* [Recorded information]
────────────────────────────────────────

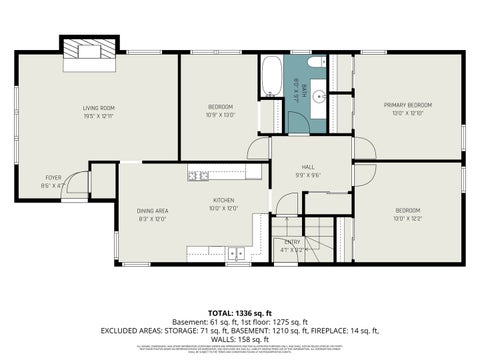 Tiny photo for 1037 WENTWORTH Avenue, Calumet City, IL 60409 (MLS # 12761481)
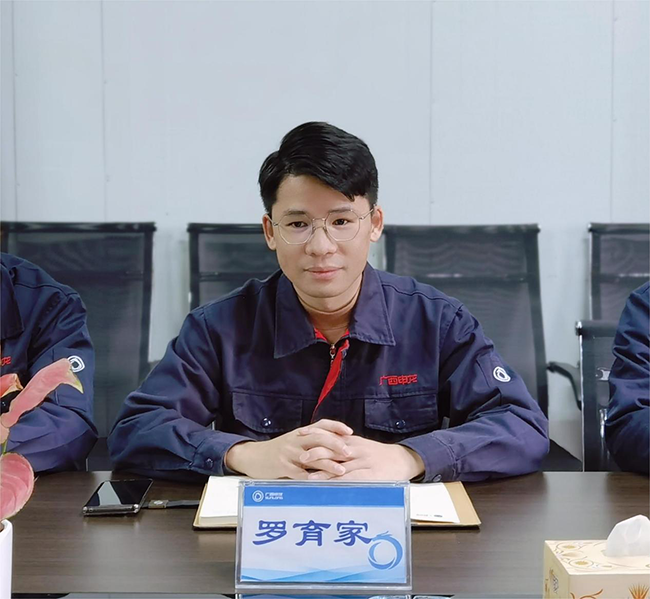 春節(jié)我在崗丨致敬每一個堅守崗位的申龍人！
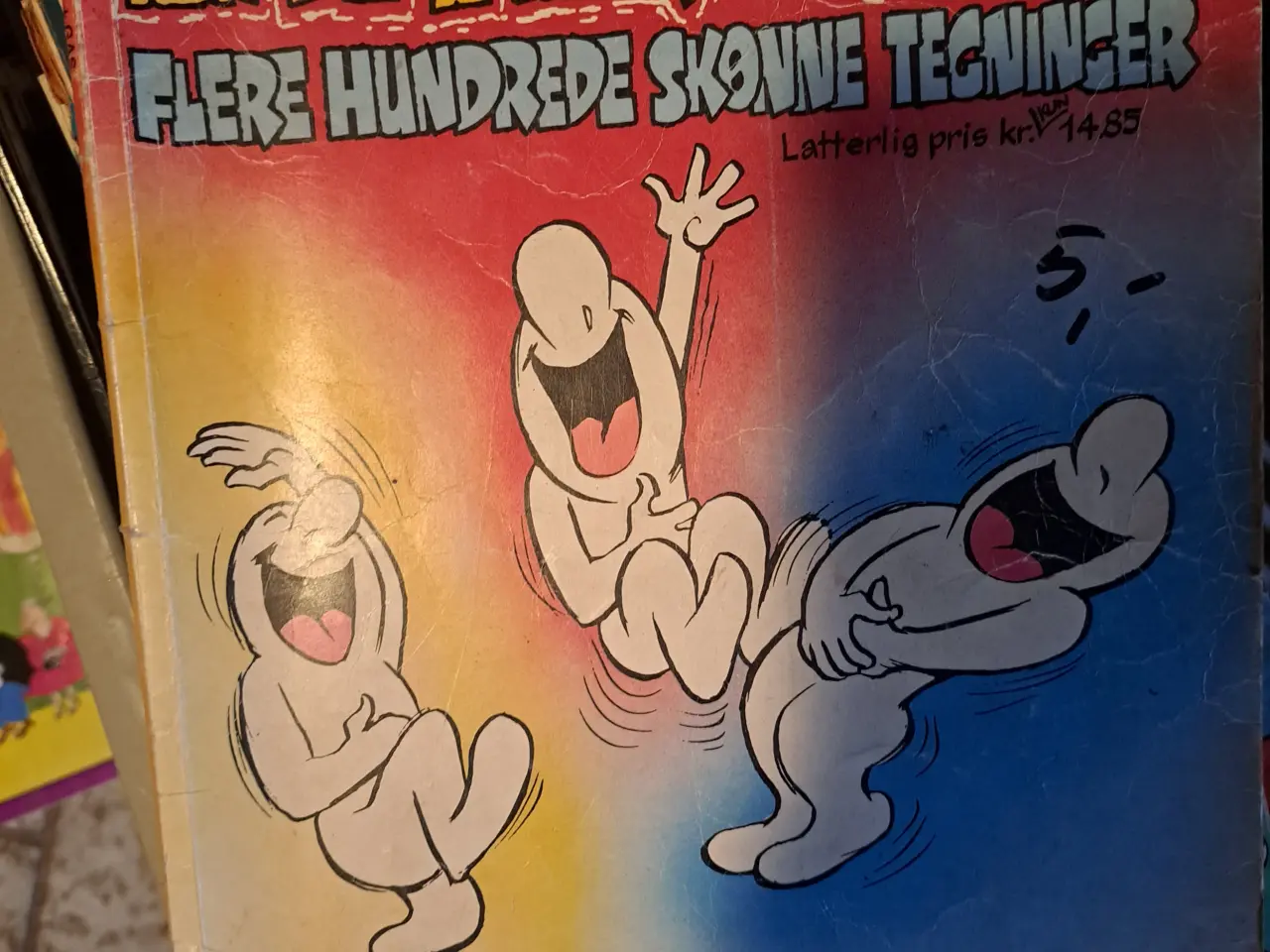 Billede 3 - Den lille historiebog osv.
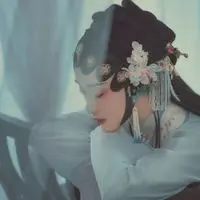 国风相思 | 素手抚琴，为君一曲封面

────────────────────────────────────────

* [Exercise details] An exact reproduction of the lines from the line containing "春節(jié)我在崗丨致敬每一個堅守崗位的申龍人！" through the end of the listing above is needed; pictures stay out.

* [Solution]
 春節(jié)我在崗丨致敬每一個堅守崗位的申龍人！
 Billede 3 - Den lille historiebog osv.
 国风相思 | 素手抚琴，为君一曲封面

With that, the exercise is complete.